# [Data for analysis]

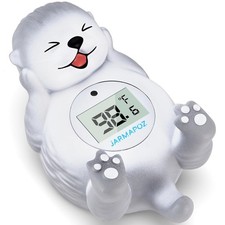 Baby Bath Thermometer, Cute Otter Floating Water Thermometer for Newborns  Infa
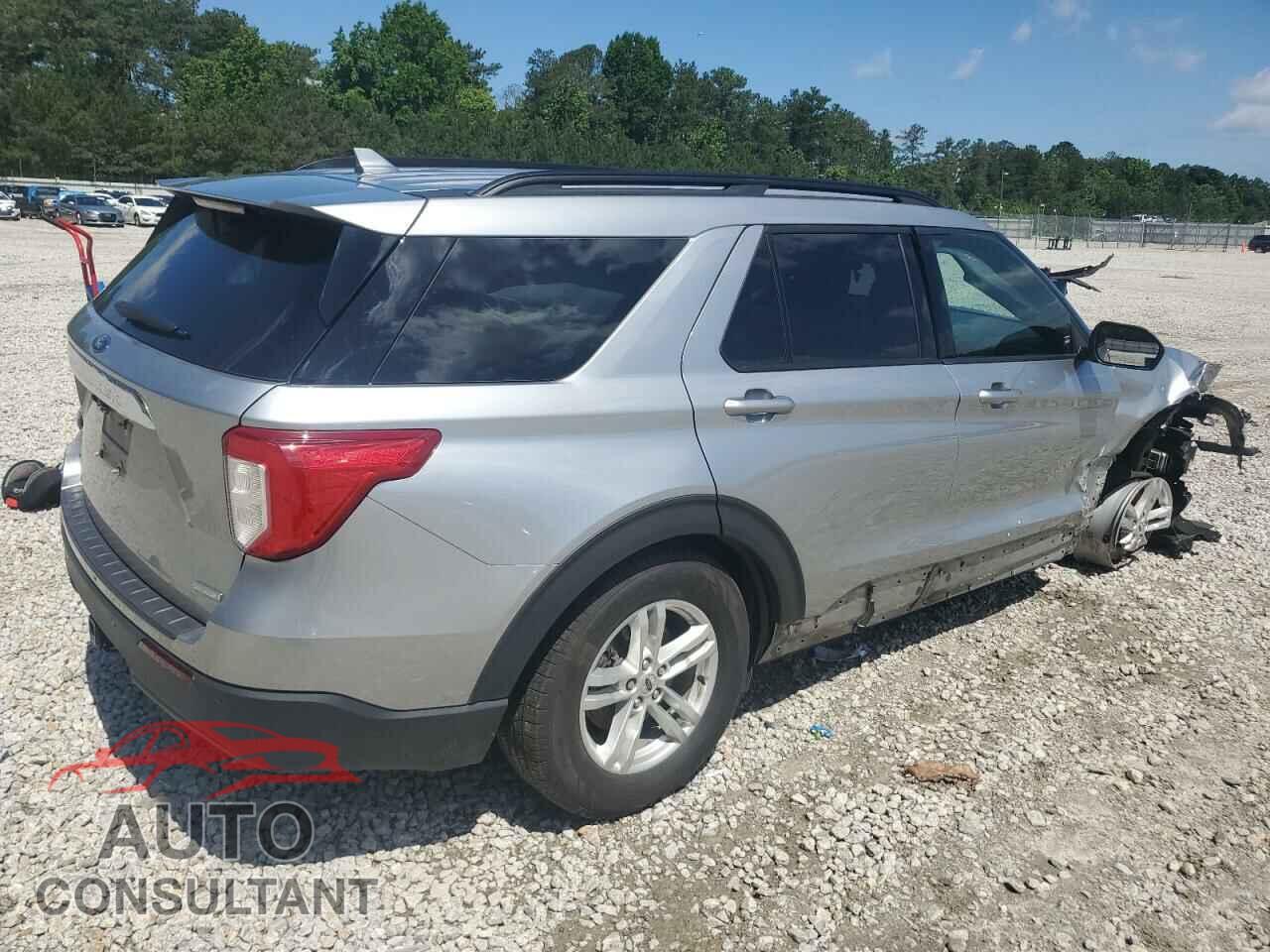 FORD EXPLORER 2020 - 1FMSK7DH7LGB89460
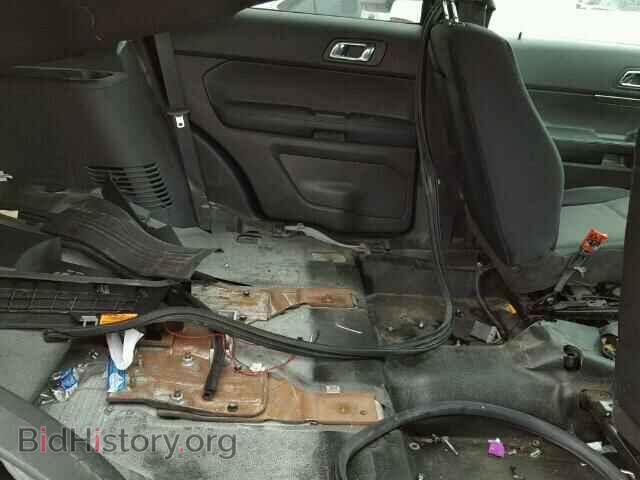 2013 FORD EXPLORER - VIN: 1FM5K8AR1DGA80672 - Фото 6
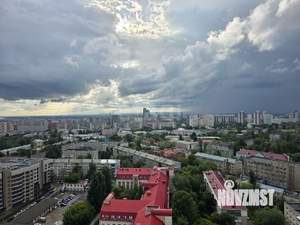 Студия квартира, вторичка, 38м2, 24/24 этаж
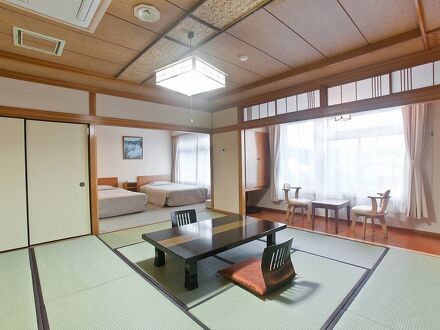 温泉ホテル中原別荘 写真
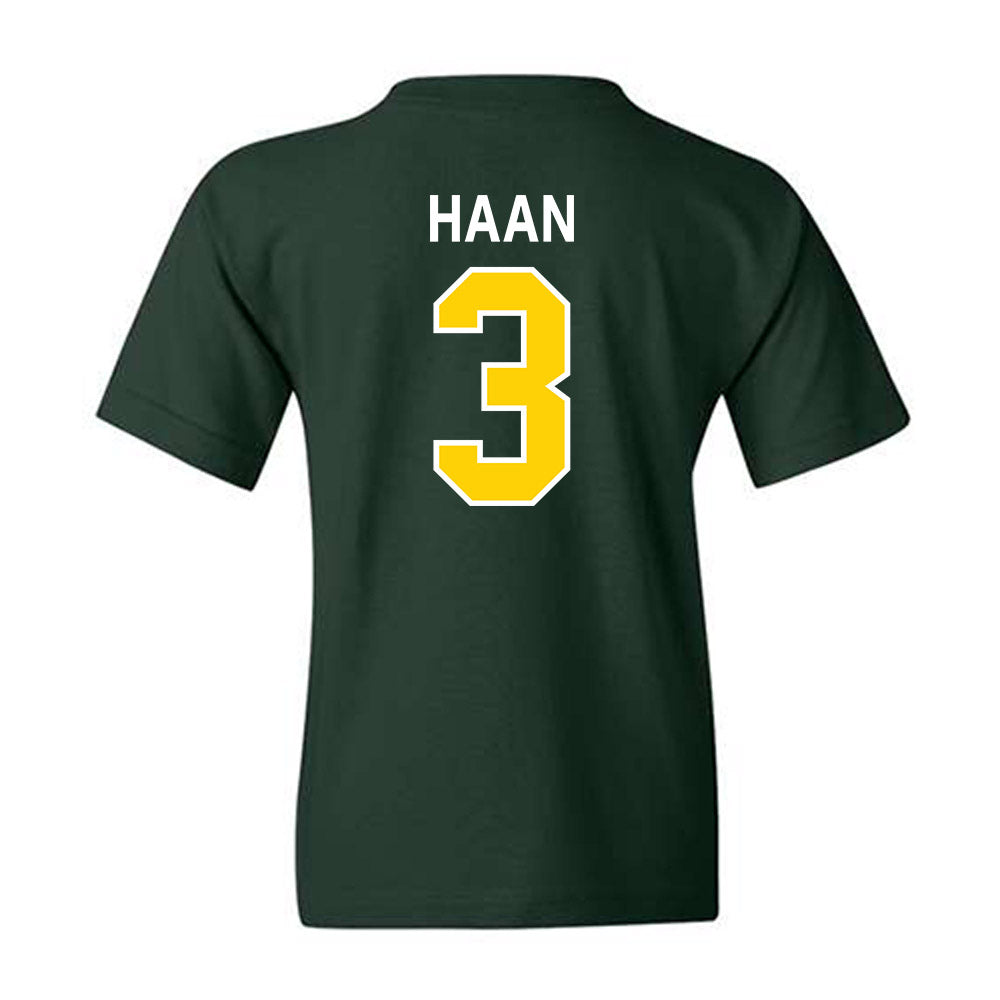 UVM - NCAA Women's Basketball : Emma Haan - Classic Shersey Youth T-Shirt-1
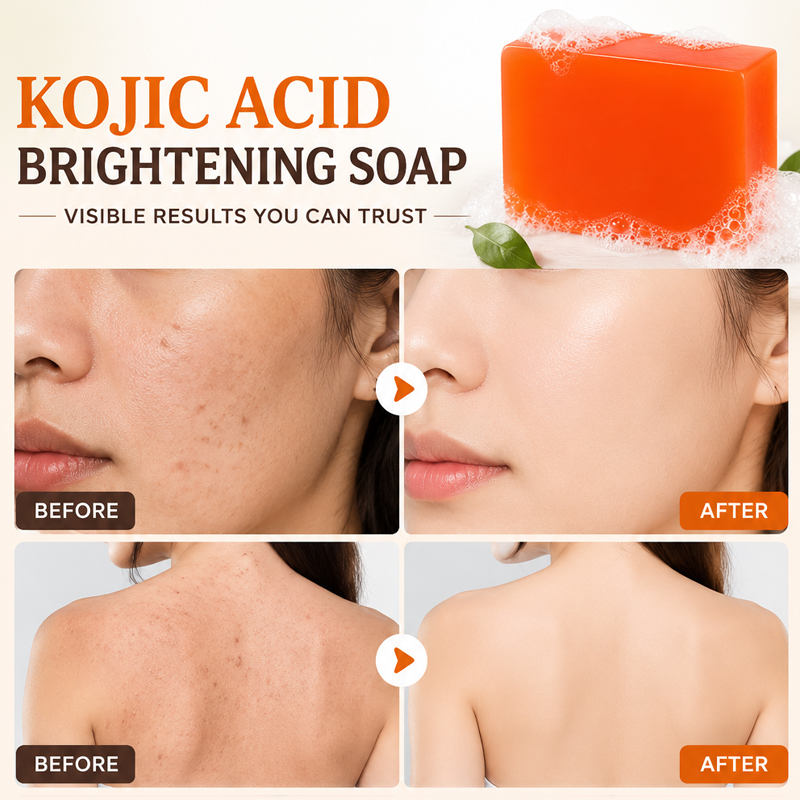 Sabonete de Ácido Kójico, Paco - Soap Making Glycerin avaliação e preço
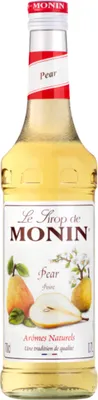 Produktbild von Sirop Monin - Poire - 70cL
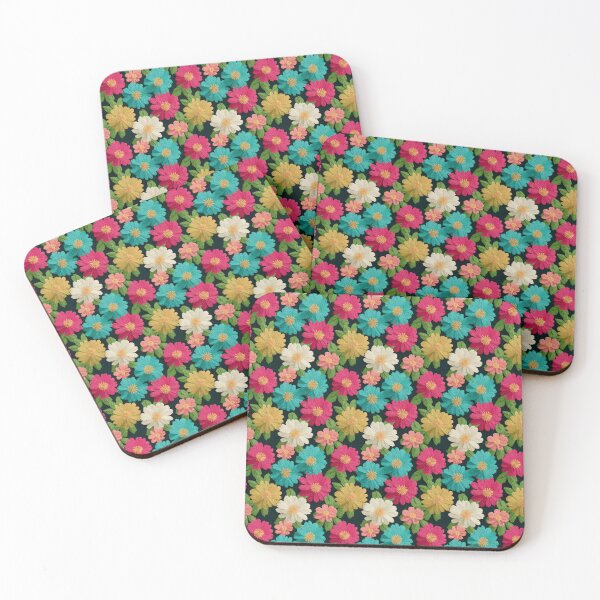 Item preview, Minimalistic Whimsical Floral Embroidery For Fall Celebration designed and sold by RoyalStarsPatts.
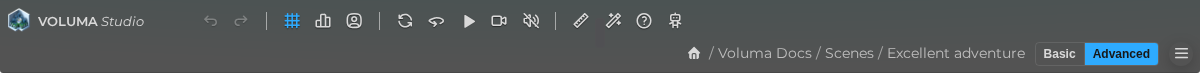 Menu Bar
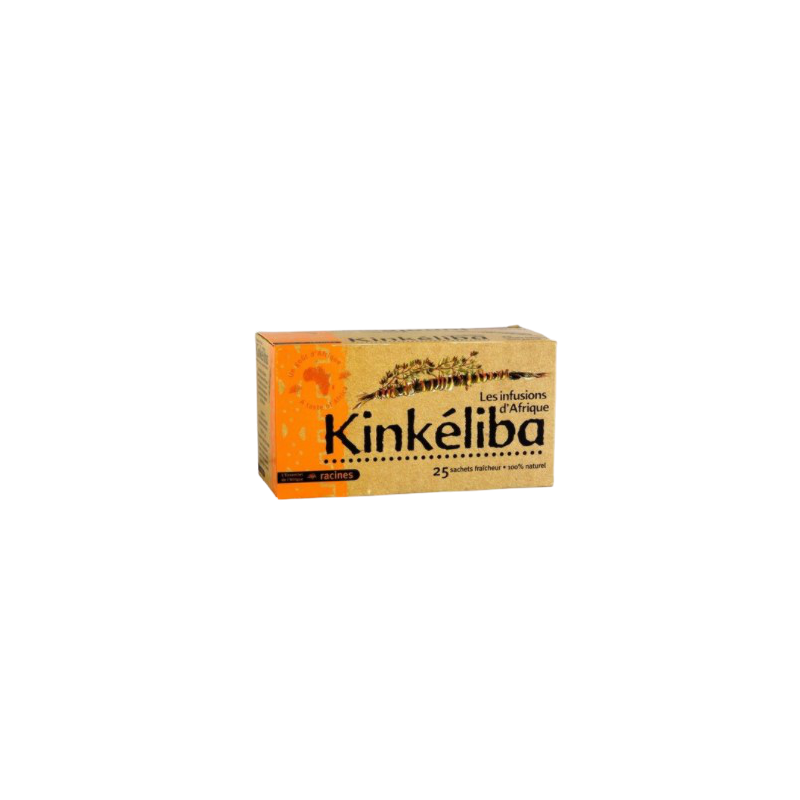 INFUSION D'AFRIQUE KINKELIBA 10X40G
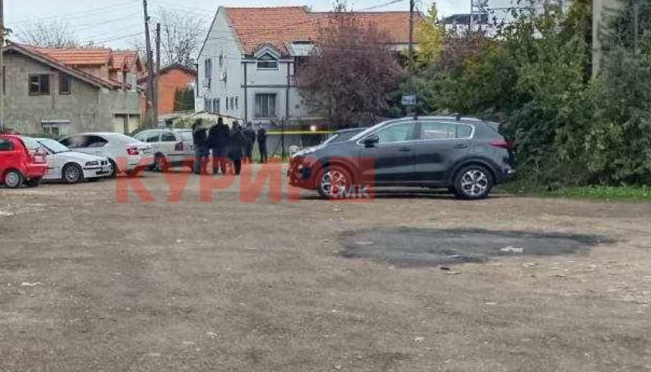 ФОТО/ВИДЕО: Пристапот е ограничен, повеќе полициски единици пред домот на Штекли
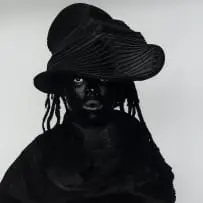 Zanele Muholi, MuMu XIX, Newington, London, 2019, giclée print on Hahnemühle Photo Rag Baryta paper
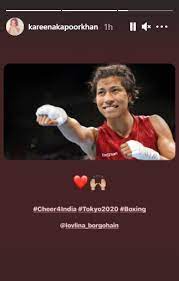 Lovlina borgohain bagged a bronze medal for india. Cnbrly Hk Cmvm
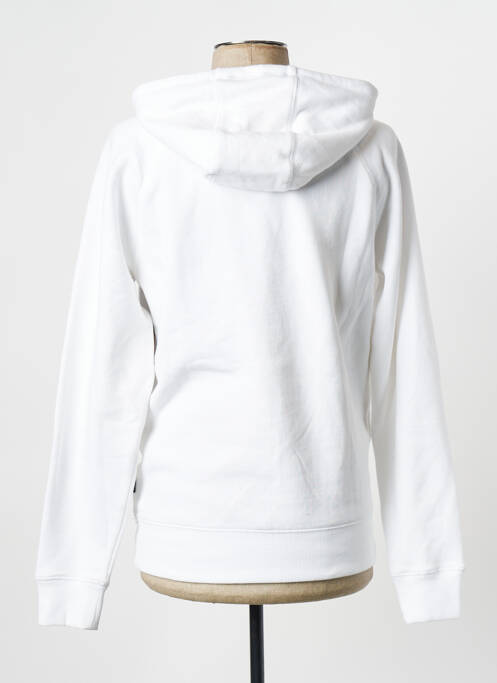 Sweat-shirt blanc VANS pour homme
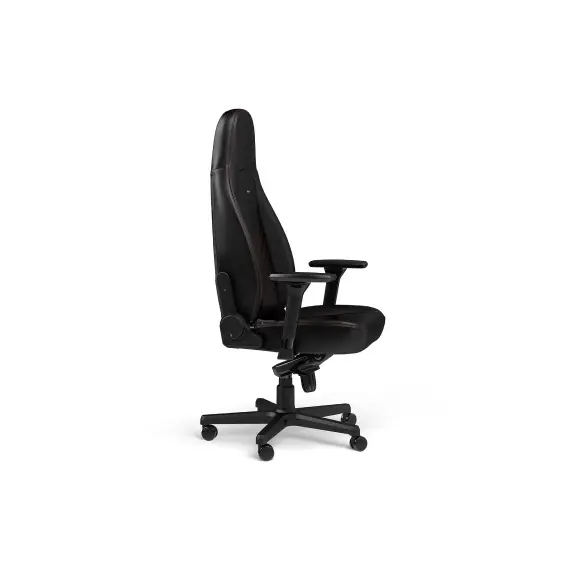 Noblechairs NBL-ICN-PU-BRD - Gaming Chair, PU Leather, Black, 1YR, изображение 11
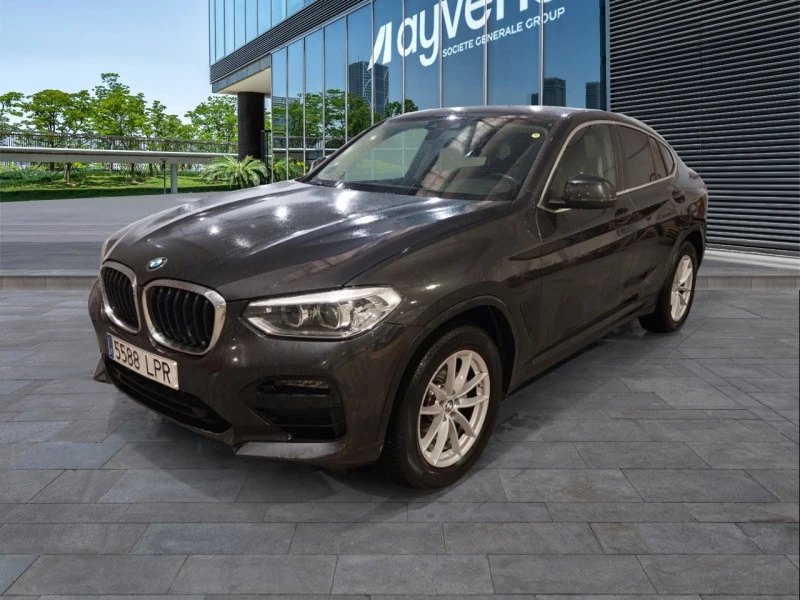 BMW X4 xDrive20d
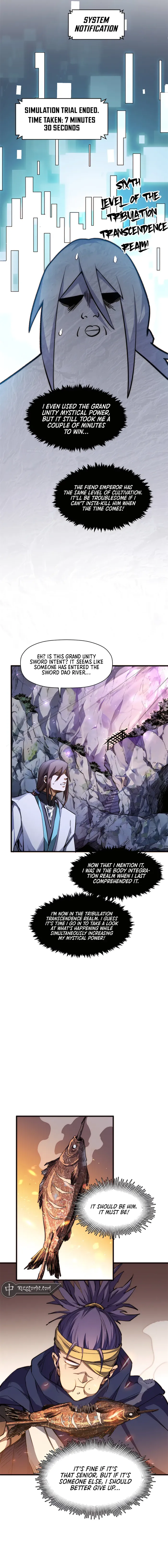 Top Tier Providence: Secretly Cultivate for a Thousand Years — Chapter 133 — page 11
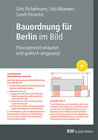 Buchcover Bauordnung für Berlin im Bild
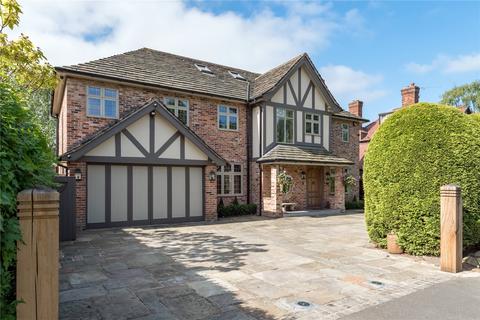 6 bedroom detached house for sale, Greenway, Wilmslow, Cheshire, SK9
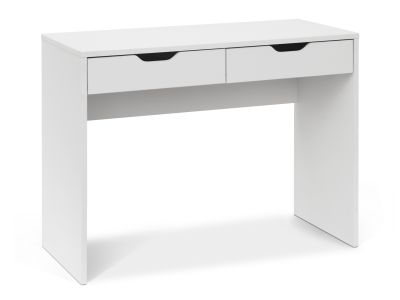 Schertz 100cm Computer Desk - White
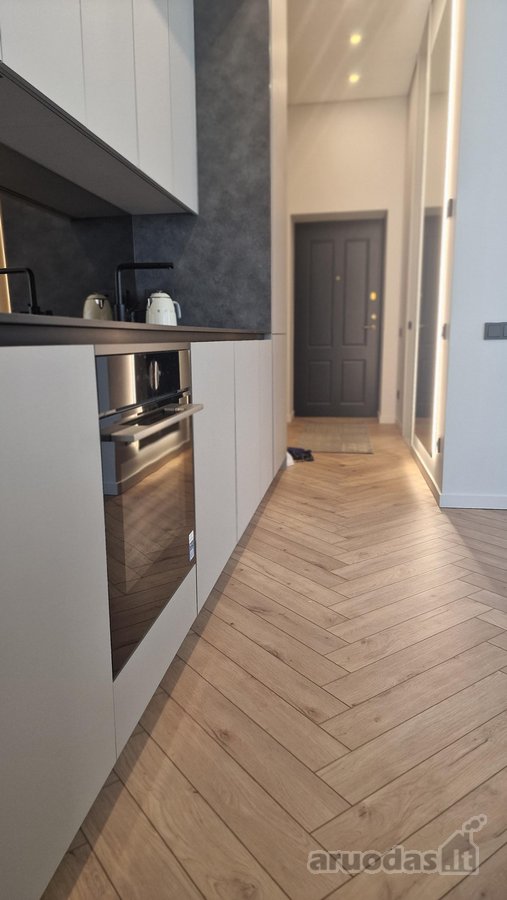 Modernaus skandinaviško minimalizmo dviejų - nuotraukos Nr. 13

# [Exercise details]
Output nothing but an exact retyping of the material, pictures excluded.

# [Solved exercise]
 Baby Bath Thermometer, Cute Otter Floating Water Thermometer for Newborns  Infa
 FORD EXPLORER 2020 - 1FMSK7DH7LGB89460
 2013 FORD EXPLORER - VIN: 1FM5K8AR1DGA80672 - Фото 6
 Студия квартира, вторичка, 38м2, 24/24 этаж
 温泉ホテル中原別荘 写真
 UVM - NCAA Women's Basketball : Emma Haan - Classic Shersey Youth T-Shirt-1
 Sabonete de Ácido Kójico, Paco - Soap Making Glycerin avaliação e preço
 Produktbild von Sirop Monin - Poire - 70cL
 Item preview, Minimalistic Whimsical Floral Embroidery For Fall Celebration designed and sold by RoyalStarsPatts.
 Menu Bar
 INFUSION D'AFRIQUE KINKELIBA 10X40G
 ФОТО/ВИДЕО: Пристапот е ограничен, повеќе полициски единици пред домот на Штекли
 Zanele Muholi, MuMu XIX, Newington, London, 2019, giclée print on Hahnemühle Photo Rag Baryta paper
 Lovlina borgohain bagged a bronze medal for india. Cnbrly Hk Cmvm
 Sweat-shirt blanc VANS pour homme
 Noblechairs NBL-ICN-PU-BRD - Gaming Chair, PU Leather, Black, 1YR, изображение 11
 BMW X4 xDrive20d
 Top Tier Providence: Secretly Cultivate for a Thousand Years — Chapter 133 — page 11
 Buchcover Bauordnung für Berlin im Bild
 6 bedroom detached house for sale, Greenway, Wilmslow, Cheshire, SK9
 Schertz 100cm Computer Desk - White
 Modernaus skandinaviško minimalizmo dviejų - nuotraukos Nr. 13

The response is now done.